9. The refuse compactor as defined in claim 8 including means for sensing when said ejection door has uncovered said opening and actuating thereafter said ejecting means for ejecting said compacted mass from said compactor.

10. The refuse compactor as defined in claim 9 including means for sensing when said compacted mass has been ejected through said opening and actuating said ejecting door for covering said opening after ejection of said compacted mass.

11. The refuse compactor as defined in claim 10, including means for advancing a conveyor to replace a filled refuse container with an empty one at the completion of said ejecting means.

12. The refuse compactor as defined in claim 1 wherein said compacting means and said ejecting means comprise hydraulically operated cylinders and pistons.

13. The refuse compactor as defined in claim 12 wherein said pressure-sensing means measures the hydraulic pressure of said compacting means.

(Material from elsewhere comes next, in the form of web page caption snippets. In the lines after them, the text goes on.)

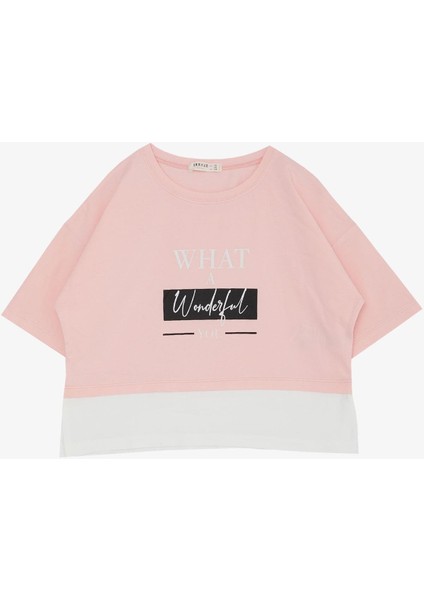 Kız Çocuk Crop Tişört Yanları Yırtmaçlı Yazı Baskılı 9-14 Yaş, Pembe fırsatları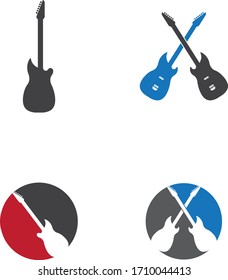 Diseño de plantillas vectoriales de logotipo de guitarra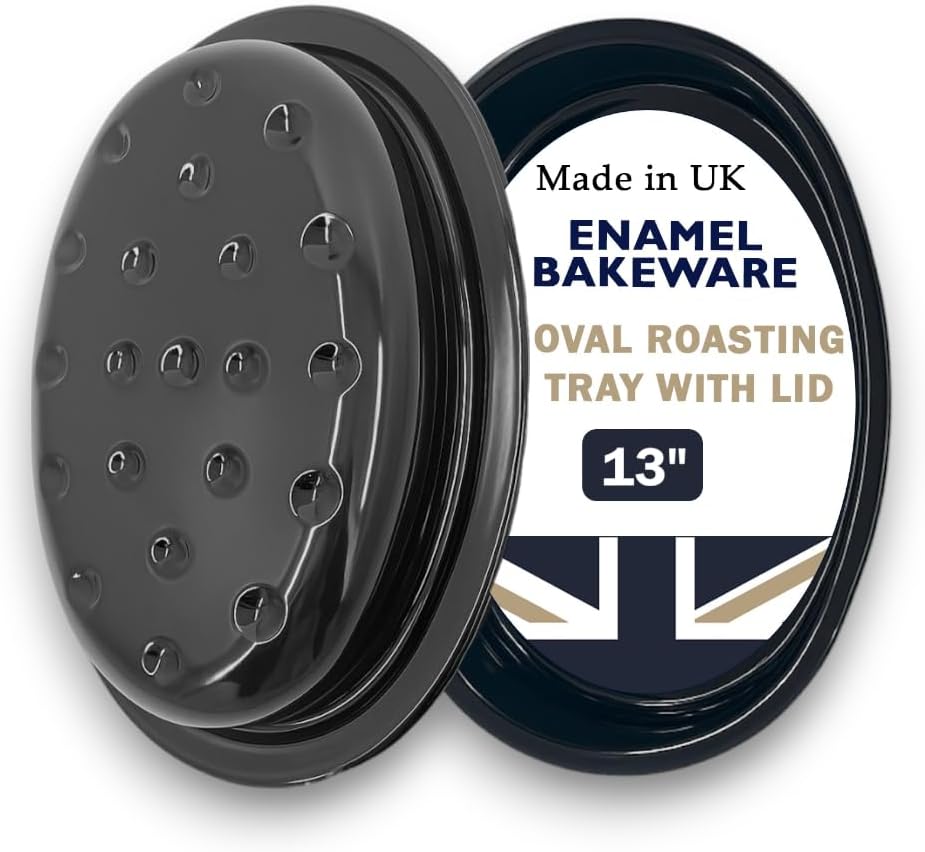 Great British Bakeware 33cm Vitreous Enamel Roasting Tin with Lid, Heavy Duty Vitreous Enamel Bakeware, Roasting Tray, Baking Tin, Made in England, Scratch Resistant, Oven Dish with Lid
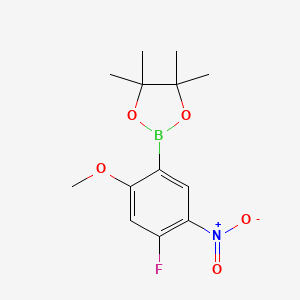 molecular formula C13H17BFNO5 B12983844 2-(4-Fluoro-2-methoxy-5-nitrophenyl)-4,4,5,5-tetramethyl-1,3,2-dioxaborolane 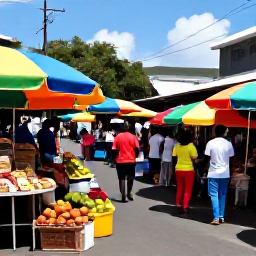 Caribbean Holidays, Cheap Martinique July, Travellers enjoying a colourful market in Fort-de-France, Martinique, with tropical fruit, spices and local crafts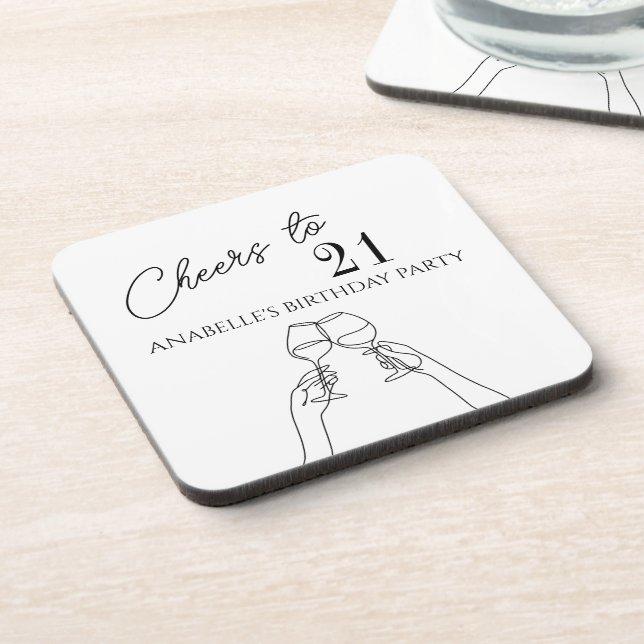 Dessous-de-verre Soirée à 21e anniversaire chic moderne (Côté gauche)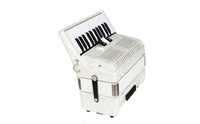 Piano Accordion Pearlescent Accordion with Straps Portable Musical Instrument for Students, Stage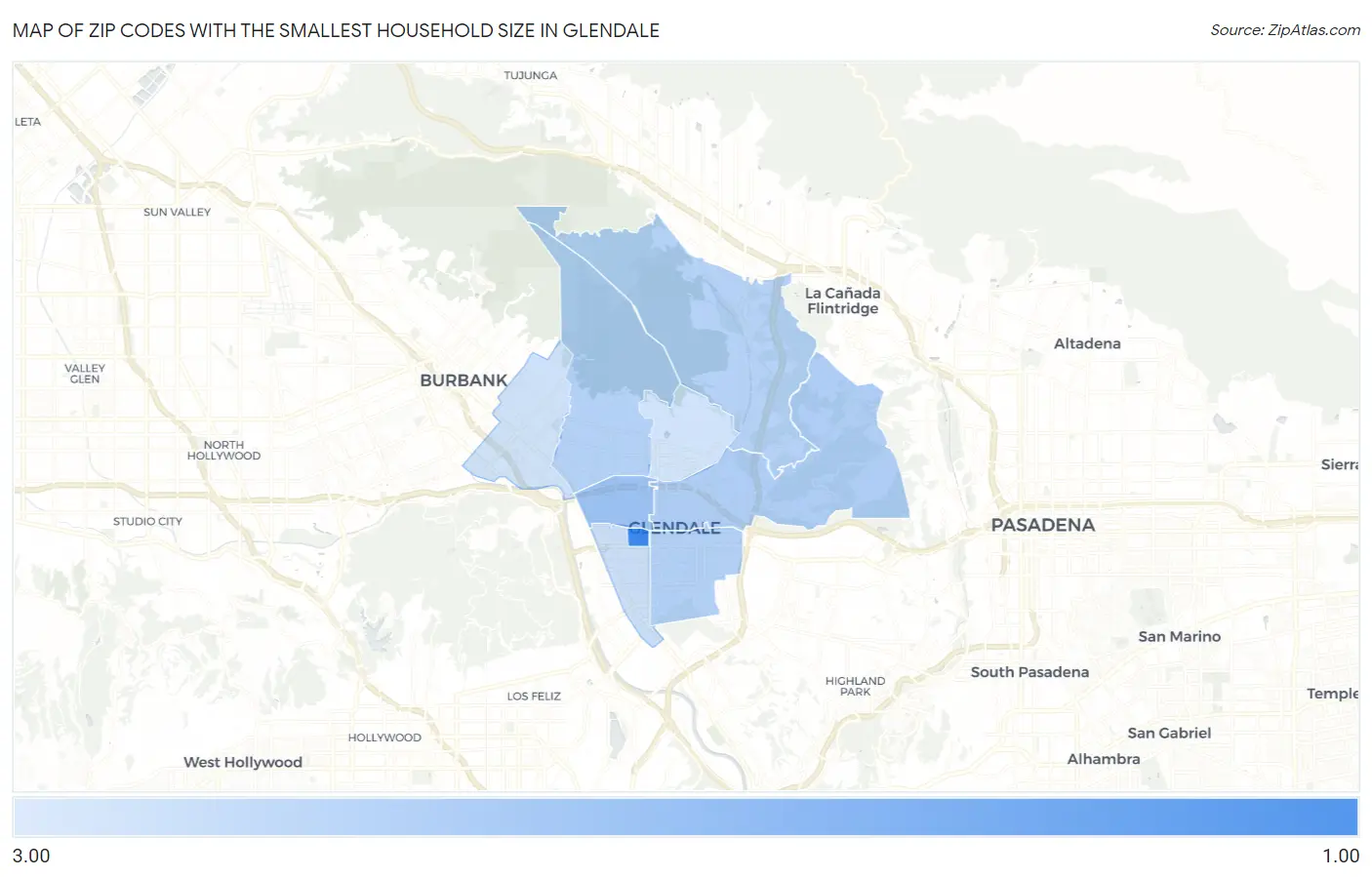 Zip Codes with the Smallest Household Size in Glendale Map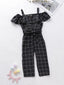 Toddler Girls Off Shoulder Grid Jumpsuit SD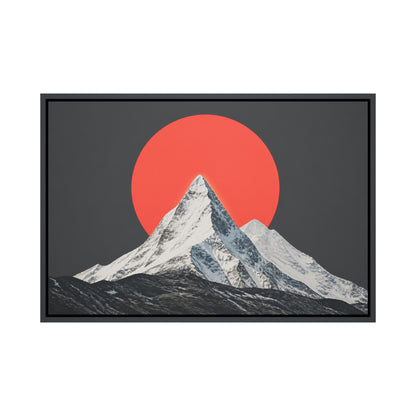 Red Sun Snow Mountain Floating Frame Wall Art - 01_main_product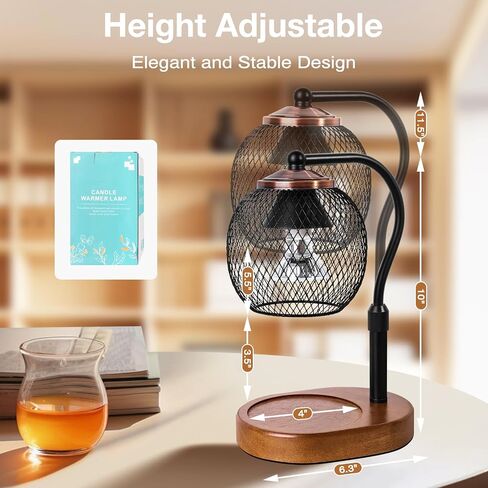 Candle Warming Lamp with Black Metal Net Design,Height-Adjustable for Jar Candles with 2 Bulbs, Modern Room Fragrance Décor,House Warming Gifts in Saudi Arabia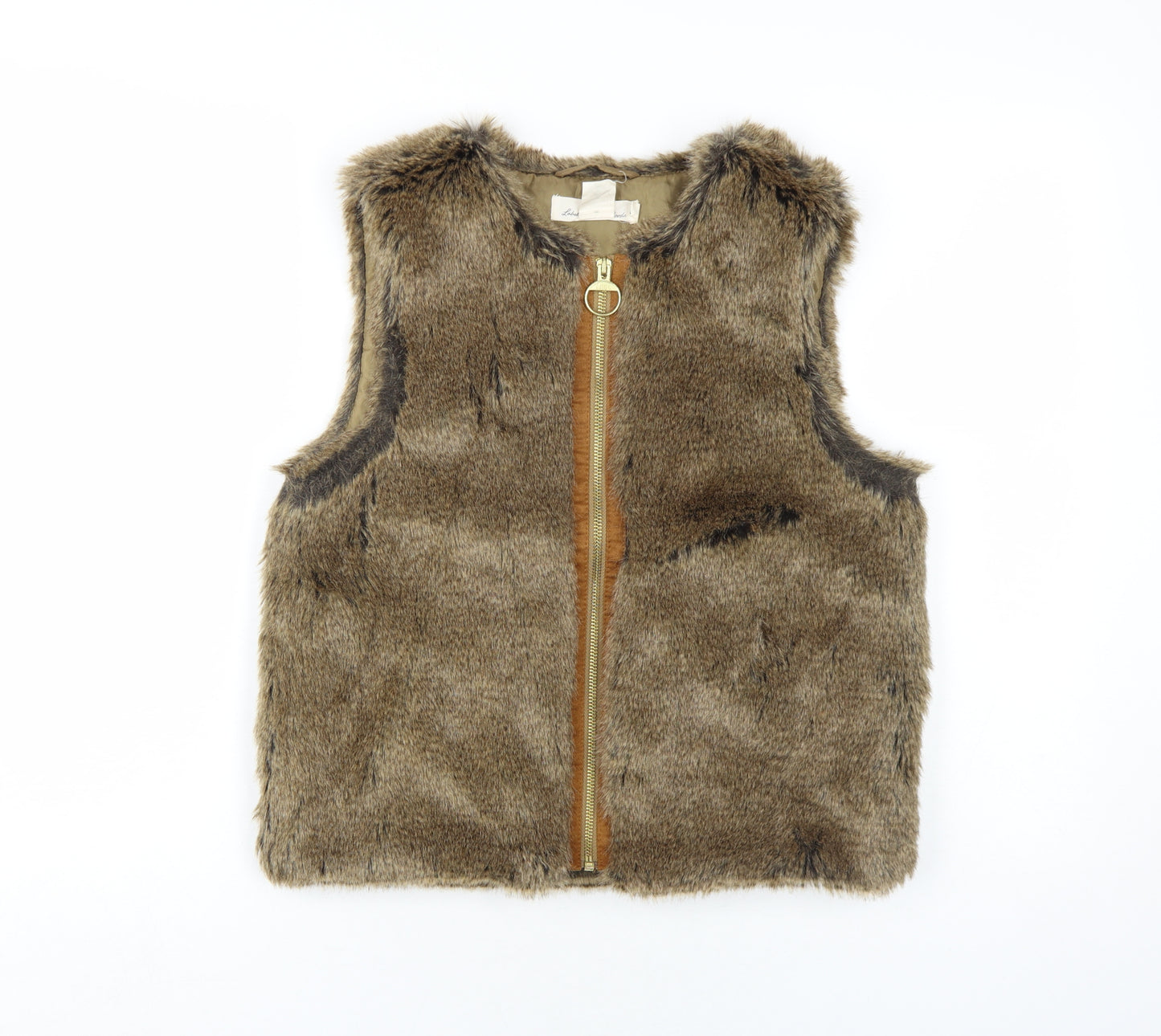 L.O.G.G. Women's Brown Faux Fur Waistcoat Size 6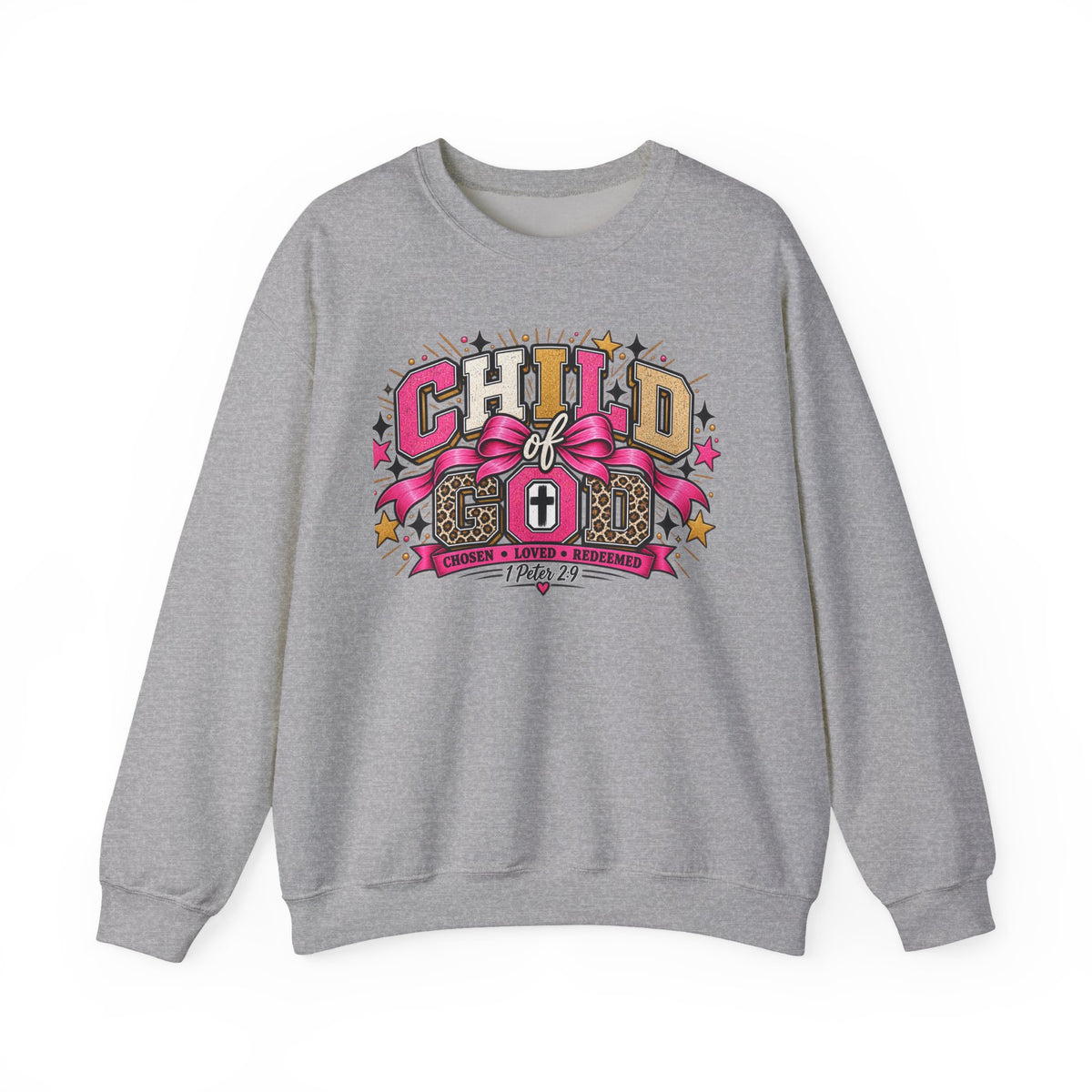 Child of God Sweatshirt | Christian Kids Faith Crewneck | Chosen Loved Redeemed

14. A method for compacting refuse materials comprising the steps of: accumulating a predetermined quantity of uncompacted refuse which when compacted constitutes a compacted mass of refuse of predetermined density and volume; applying pressure to said predetermined accumulated quantity of uncompacted refuse for compacting said refuse into predetermined shape within the confines of a predetermined space; removing said pressure from said refuse after the intensity of the applied pressure attains a predetermined level, said refuse being compacted into said compacted mass when the applied pressure has attained said level; timing the interval during which said pressure exceeds said level and continuing applying said pressure to said predetermined quantity of uncompacted refuse when said interval is below a predetermined magnitude for allowing breakage of normally noncompactible material, the application of said pressure being discontinued after said predetermined magnitude of said time interval has expired; opening said spaced to expose said compacted mass; ejecting said compacted mass from the confinements of said space; closing said space for compacting a subsequent predetermined quantity of refuse; and advancing a conveyor system to replace a filled refuse container with an empty one at the completion of said ejection cycle.